### Work required
Nothing but the lines below from the one with "Once that 15" through the one with "When the switch" should be output, each exactly as given, and no pictures.

### Data to process
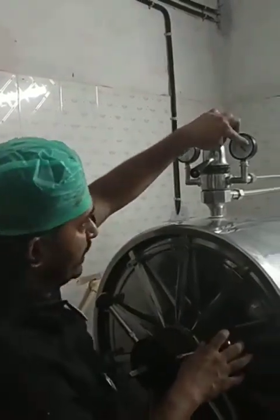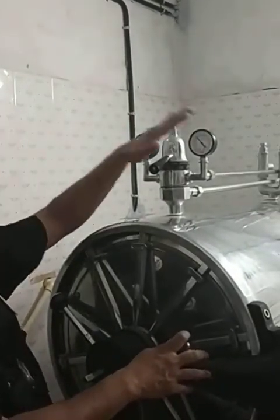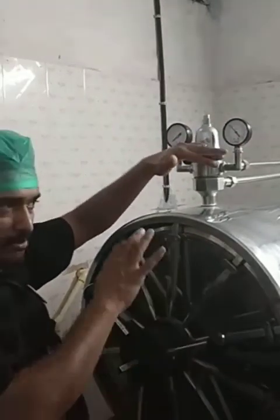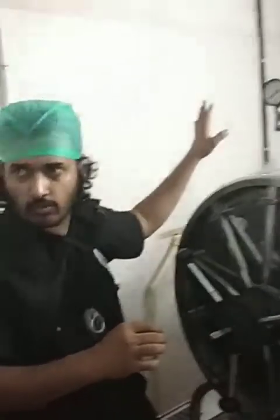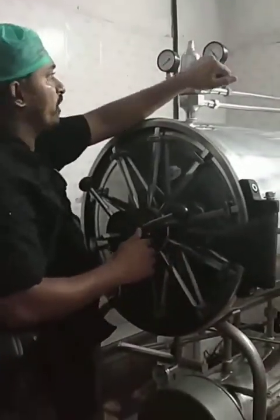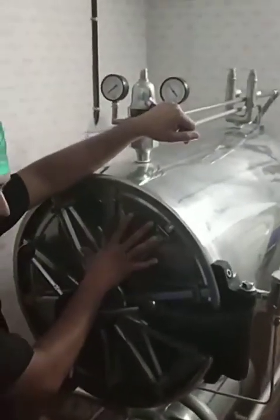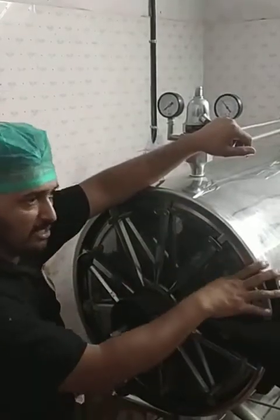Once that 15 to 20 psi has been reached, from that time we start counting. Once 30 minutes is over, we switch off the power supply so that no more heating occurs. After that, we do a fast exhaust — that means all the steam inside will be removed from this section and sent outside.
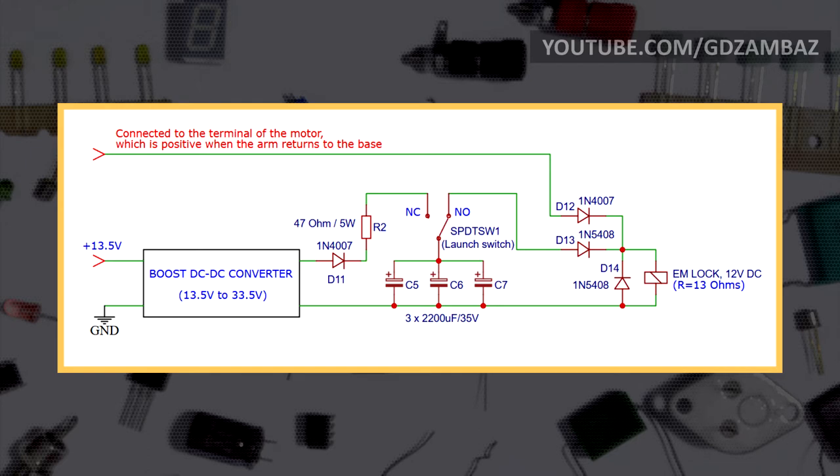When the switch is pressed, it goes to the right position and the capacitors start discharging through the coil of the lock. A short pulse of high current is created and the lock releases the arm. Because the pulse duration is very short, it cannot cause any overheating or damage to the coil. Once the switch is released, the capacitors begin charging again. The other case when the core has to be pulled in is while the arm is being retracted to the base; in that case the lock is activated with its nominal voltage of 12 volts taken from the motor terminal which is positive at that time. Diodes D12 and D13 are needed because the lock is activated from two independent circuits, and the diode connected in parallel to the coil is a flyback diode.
* * *
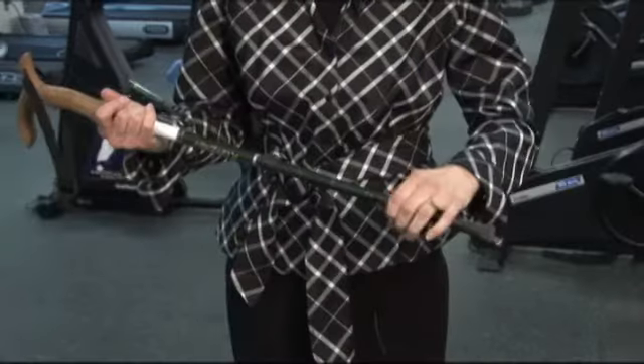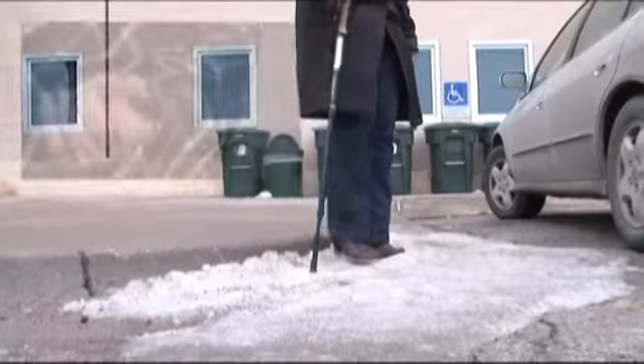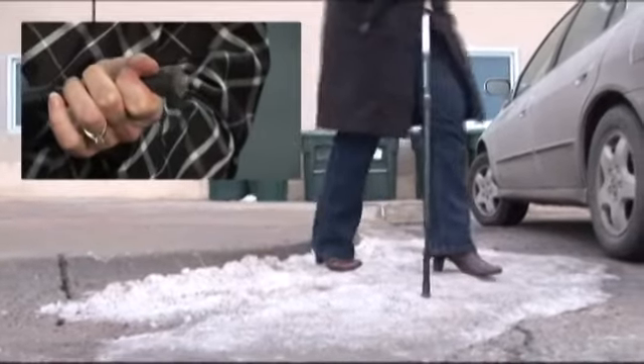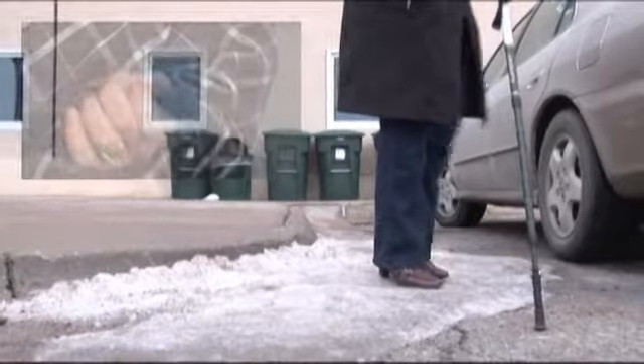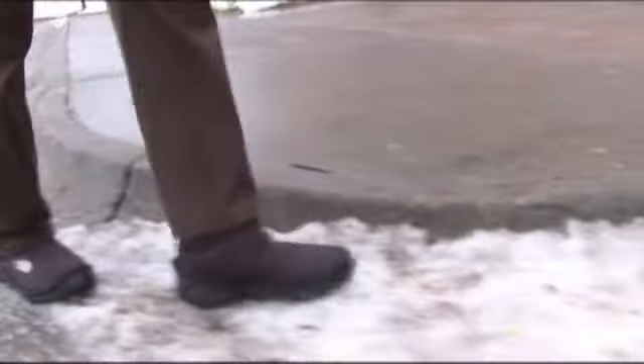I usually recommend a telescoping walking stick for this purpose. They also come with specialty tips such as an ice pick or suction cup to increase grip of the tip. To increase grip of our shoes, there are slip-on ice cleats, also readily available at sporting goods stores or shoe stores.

### Exercise answer
Once that 15 to 20 psi has been reached, from that time we start counting. Once 30 minutes is over, we switch off the power supply so that no more heating occurs. After that, we do a fast exhaust — that means all the steam inside will be removed from this section and sent outside.
When the switch is pressed, it goes to the right position and the capacitors start discharging through the coil of the lock. A short pulse of high current is created and the lock releases the arm. Because the pulse duration is very short, it cannot cause any overheating or damage to the coil. Once the switch is released, the capacitors begin charging again. The other case when the core has to be pulled in is while the arm is being retracted to the base; in that case the lock is activated with its nominal voltage of 12 volts taken from the motor terminal which is positive at that time. Diodes D12 and D13 are needed because the lock is activated from two independent circuits, and the diode connected in parallel to the coil is a flyback diode.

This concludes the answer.